American historian (born 1952)

Jon Bradley Edward Hittle (born 1951) is an American historian, focusing on military and intelligence history of the 19th and 20th centuries.

==Early life and education==
Hittle was born in Iowa and received a Bachelor of Arts degree in European history from Briar Cliff University and a Master of Arts degree in modern European intellectual history and political theory from Louisiana State University, where his thesis focused on the polemics of Irish Marxist James Connolly.

==Career==
He is a recognized authority on guerrilla warfare, low-intensity conflict/asymmetrical warfare, counterinsurgency, counterterrorism, counterproliferation and foreign intelligence matters.

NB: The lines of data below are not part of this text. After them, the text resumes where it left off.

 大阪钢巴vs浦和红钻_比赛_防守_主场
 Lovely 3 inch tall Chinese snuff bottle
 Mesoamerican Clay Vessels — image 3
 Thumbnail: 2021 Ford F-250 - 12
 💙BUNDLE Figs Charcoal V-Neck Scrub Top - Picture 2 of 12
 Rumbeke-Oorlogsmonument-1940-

He has published articles since the 1980s in journals, including Studies in Intelligence and Proceedings, and he is the author of the book Michael Collins and the Anglo-Irish War: Britain's Counterinsurgency Failure, published in 2011 He has served as an historical advisor for television productions, including the British television program Who Do You Think You Are? on BBC.

Hittle is a decorated former intelligence officer, having served initially as a military analyst and targeting officer and the balance of his career as a field operations officer. He served in Southeast Asia, Central America, Europe and the Middle East. He also served as an Intelligence Specialist and Maritime Security Team (MST) Boarding Officer in the United States Coast Guard.

Hittle is a recipient of THE NATIONAL INTELLIGENCE MEDAL OF ACHIEVEMENT; THE CIA INTELLIGENCE MEDAL OF MERIT; THE CIA's IRAQ OPERATIONS MEDAL; THE CIA 30 YEARS SERVICE MEDAL; multiple MERITORIOUS SERVICE COMMENDATIONS; THE US COAST GUARD UNIT COMMENDATION and THE NATIONAL DEFENSE SERVICE MEDAL.